The research note issued last Thursday came after DBS's economics team snipped 2 per cent off its 2009 GDP growth estimate for China to 8 per cent on muted export and wage increases, the lag effect in fiscal policy boosts for the economy, and as banks shy away from lending.
DBS Vickers reduced the FY08 earnings estimate for China Sky by 19.3 per cent to $145 million on slower-than-expected demand for nylon in the second half of 2008.
It also lowered Fibrechem's FY08 profit forecast by 5.7 per cent to $105 million, to factor in higher provisions relating to withholding tax on dividends payable.
With the adjusted forecast earnings, DBS Vickers cut the target price for China Sky to 42 cents from 96 cents previously, and that for Fibrechem to 32 cents from an earlier 62 cents.
Property player Yanlord saw its FY08 earnings forecast slashed by 30.4 per cent to $156 million and its FY09 profit estimate by 44.9 per cent to $219 million.
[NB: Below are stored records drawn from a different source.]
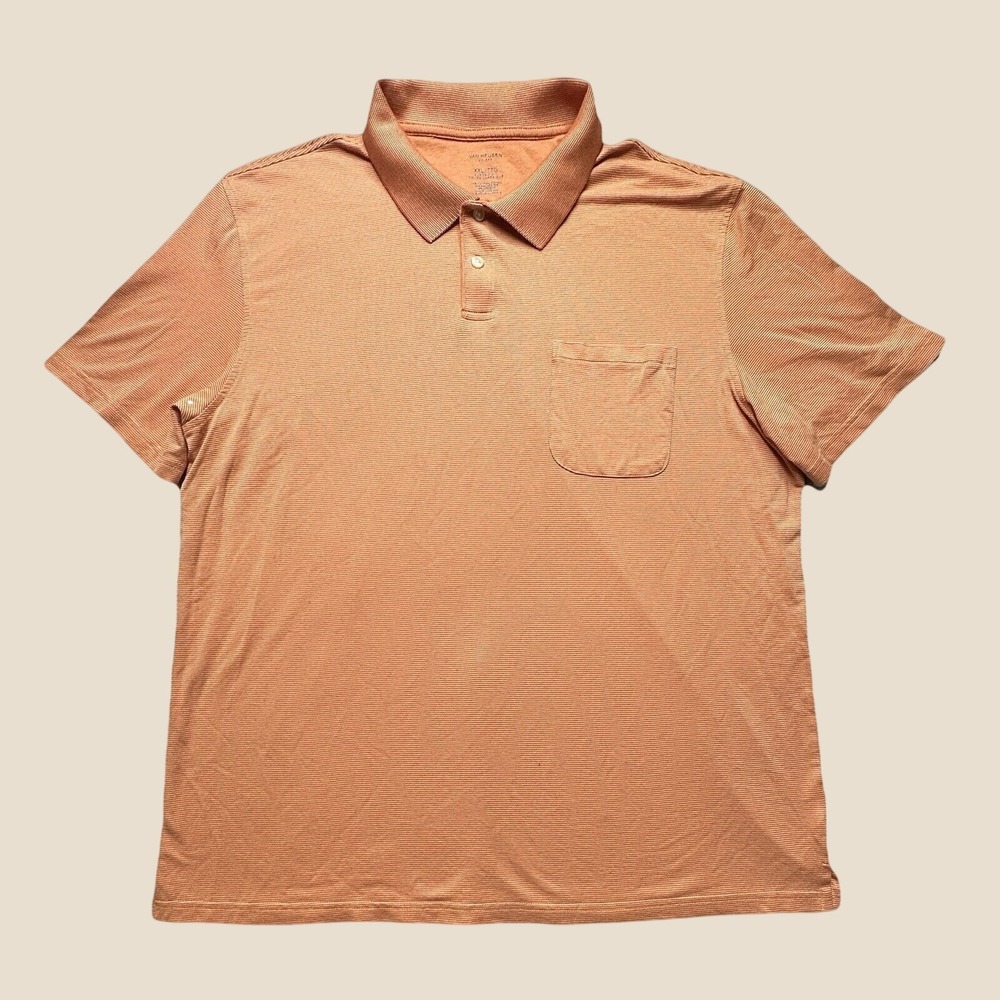 Van Heusen Polo Shirt Mens XXL Orange Flex Classic Fit Striped Pocket Short Slv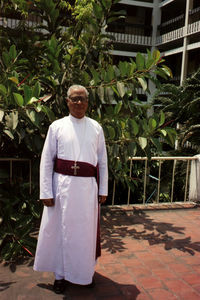 Bishop John Franklin in the courtyard of Womens hostel in Madras, Chennai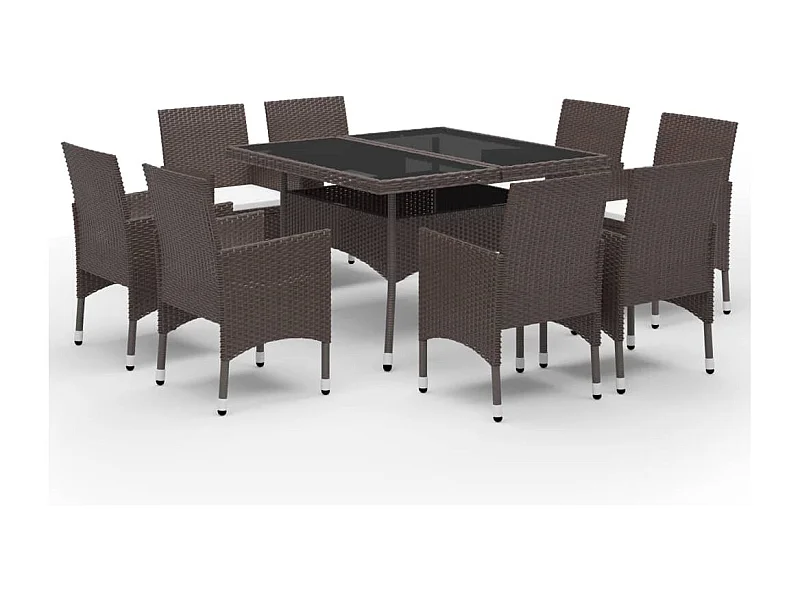 Deerlijk  9-delige Tuinset poly rattan en glas bruin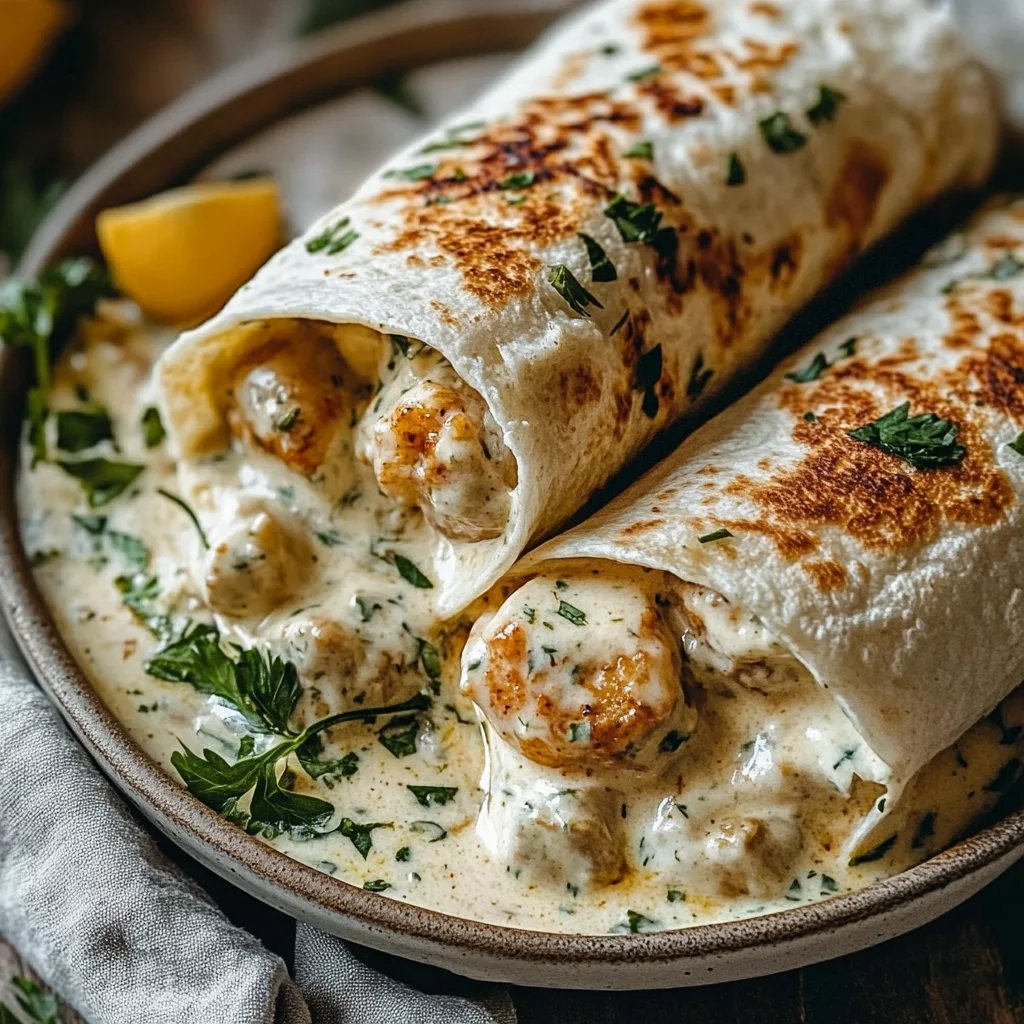 Hähnchen-Wraps mit Käse und Knoblauch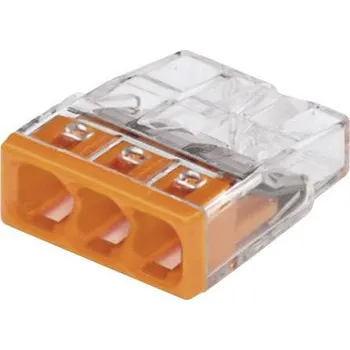 WAGO 2273, 2273-203-1 krabicová svorka, průřez kabelu: 0.5-2.5 mm², Pólů: 3, transparentní, oranžová, 1 ks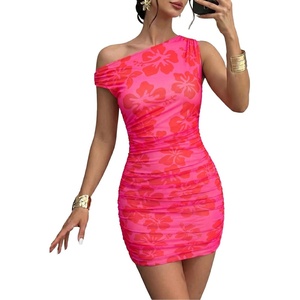image:imageAcelitt Womens Summer Floral Off Shoulder DressSXXLZ Strawberry Pink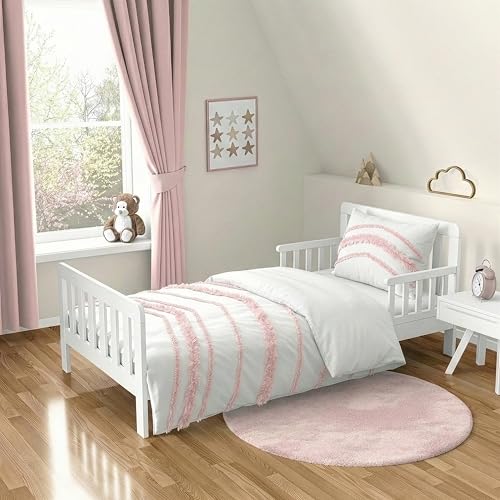Image of Sweet Jojo Designs 5-Piece Toddler Bedding Set (Pink Cotton Boho Bohemian) for Girls, Kids incl. Bed in a Bag Comforter, Blanket, Pillowcase, Sham & Sheets (Blush, Farmhouse Shabby Chic, Macrame Tuft)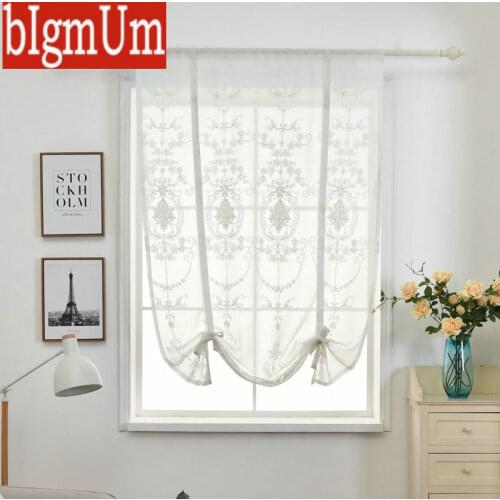Casual Style Roman Blinds Short Curtains for Kitchen Tulle Sheer Voile Window Treatments Light through Cannot See through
Its target price was shaved to 93 cents from $1 previously.
'Expected slow pre-sale volumes in the next year or so could filter through to Yanlord's top line quite quickly, given that the business model for property developers in China requires a certain percentage of completion before the commencement of pre-sales,' says DBS Vickers.
The local brokerage also brought down its FY09 estimate for water treatment firm Epure by 6.3 per cent to $66 million on expectations of slower order flows.
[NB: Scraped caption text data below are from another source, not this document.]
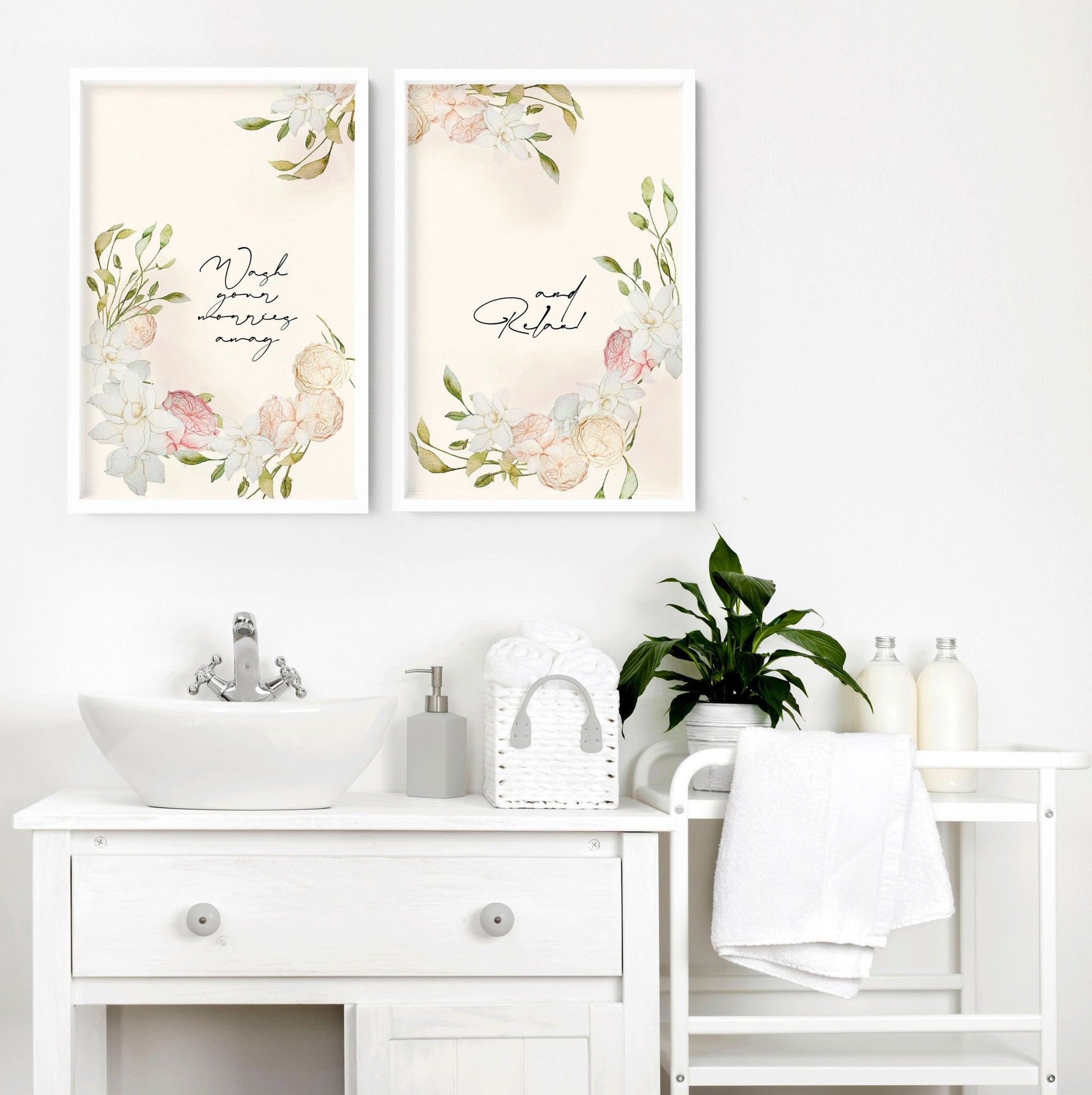 Pink blooms bathroom art prints | Set of 2 wall art - About Wall Art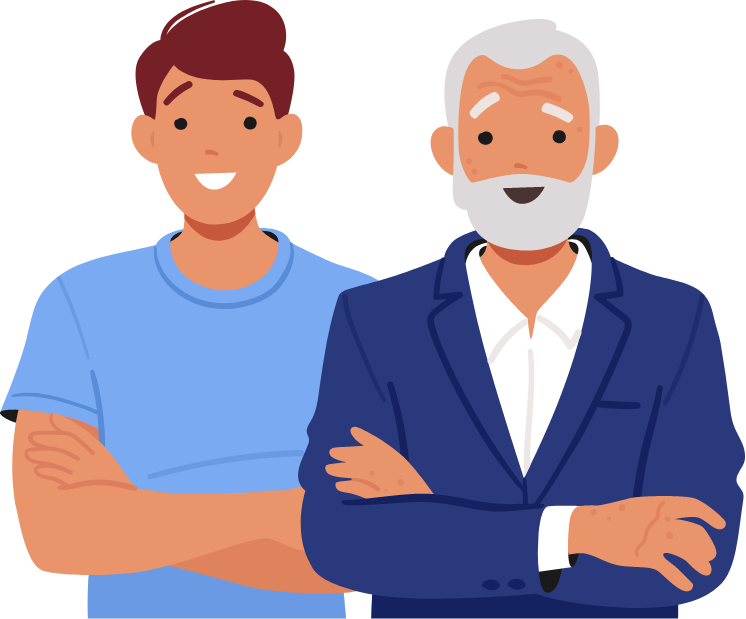 graphic of men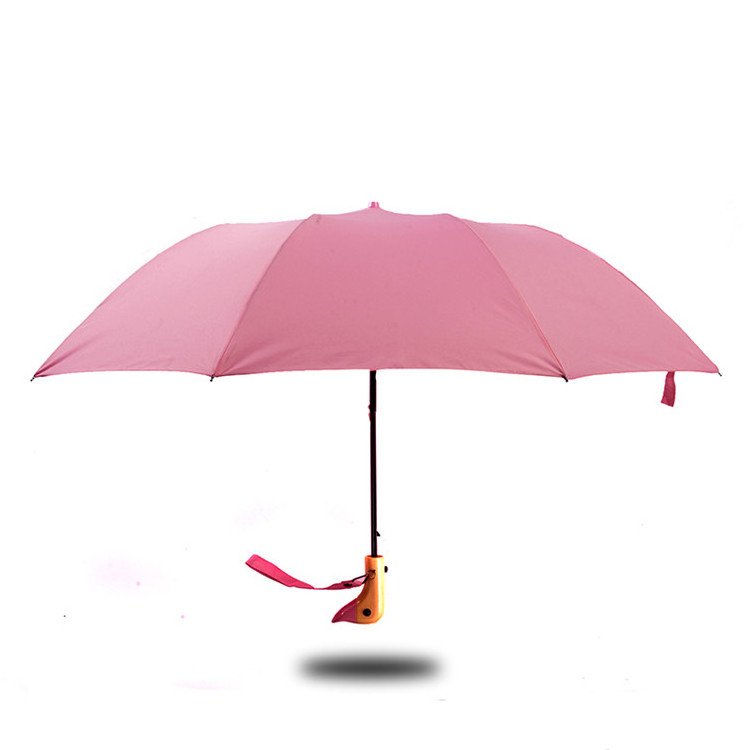 UV 50+ Shade Rain Shine Wooden Two Folding Pink Yellow Travel Duck Head Wood Handle Umbrella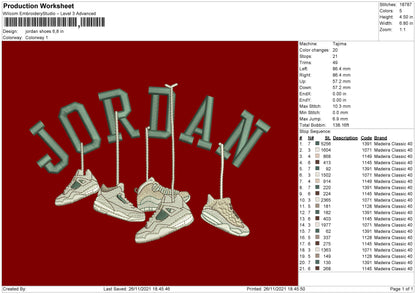 Jordan Shoes Embroidery File 4 size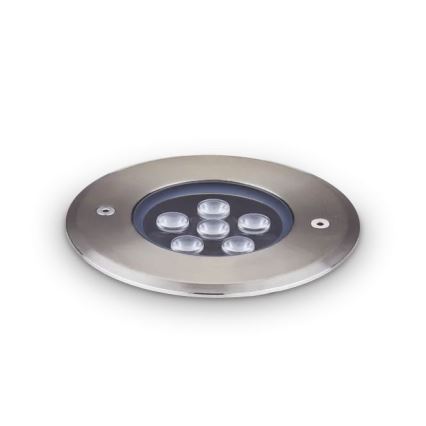 Ideal Lux - LED Lámpara empotrable de suelo FLOOR LED/6W/230V diá. 12 cm CRI 90 IP67 cromo brillante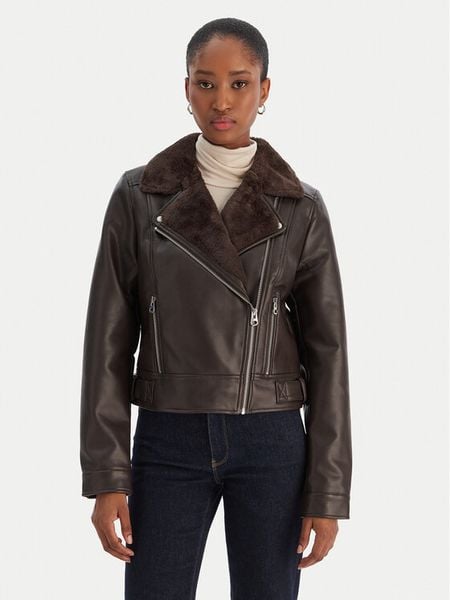 Vero Moda Kurtka z imitacji skóry Hailey 10250405 Brązowy Regular Fit. Brązowe kurtki damskie Vero Moda, xl, bez wzorów, ze skóry, bez kaptura. Za 329.99 zł.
'We believe the company would also be more selective in project biddings during a financial crisis,' the brokerage says, adding that Epure's new target price stands at 34 cents.
DBS Vickers notes that though Yanlord Land has $338 million of convertible bonds (CB) outstanding for conversion, it expects the company to have enough cash to meet its obligations in the event of a redemption.
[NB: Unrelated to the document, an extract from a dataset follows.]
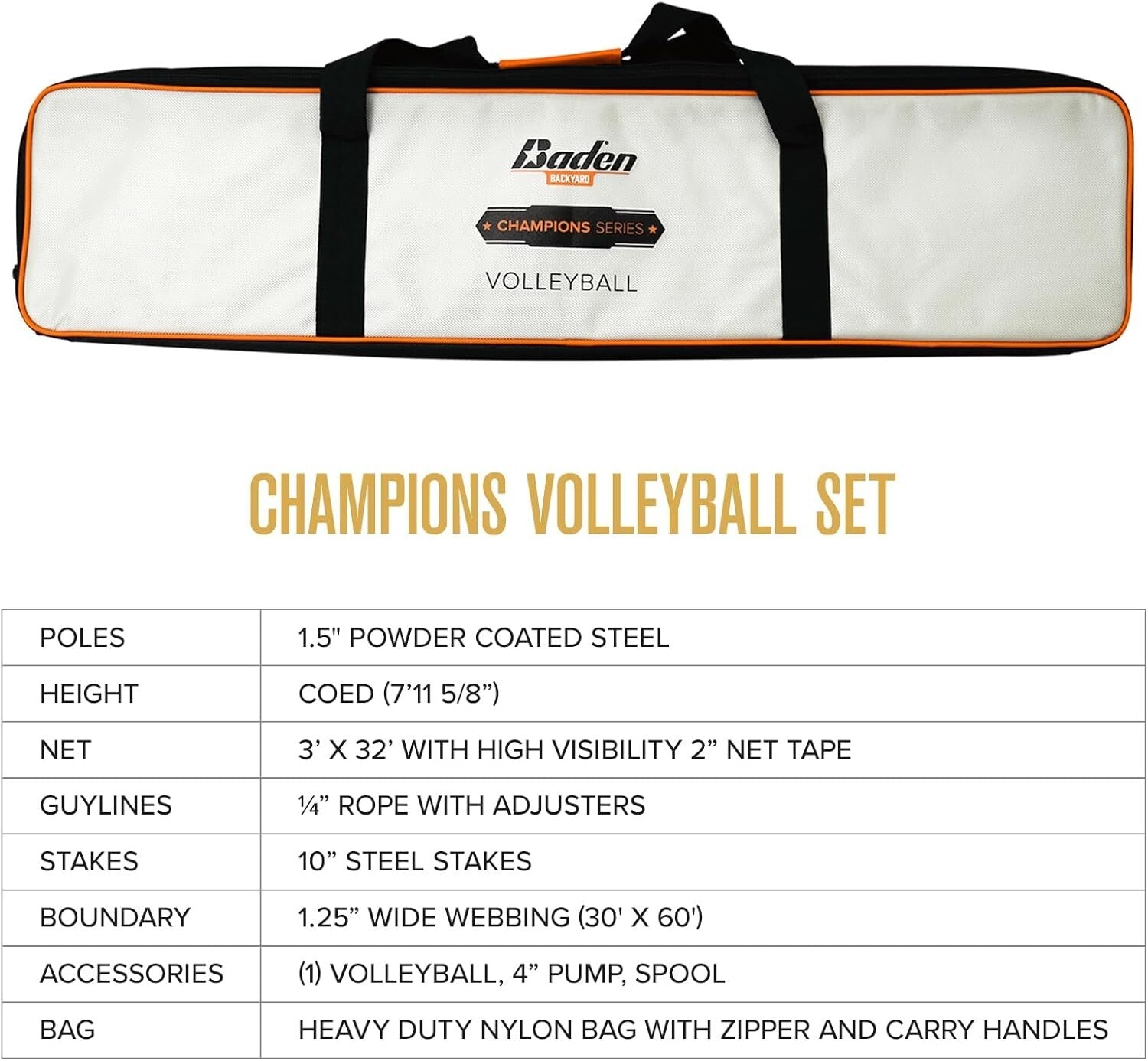 Weather-Resistant Backyard Volleyball Set with Toddler-Safe Poles & Accessories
The CB issue is due in 2012, though holders have the option to redeem these in the first quarter of 2010.
The brokerage also expects China Sky to have net cash of more than 900 million yuan (S$195 million) in 2008-2009, factoring in its current capital expenditure plan of 1.3 billion yuan in the period.
While the group had initial plans to acquire its upstream supplier, nylon chips producer as well as its caprolactum producer - the feedstock to nylon chips - DBS Vickers notes that the company has delayed its acquisition plans to after 2009.
'The group is considering to pay more dividends this year or to execute its share buyback mandate,' says DBS Vickers.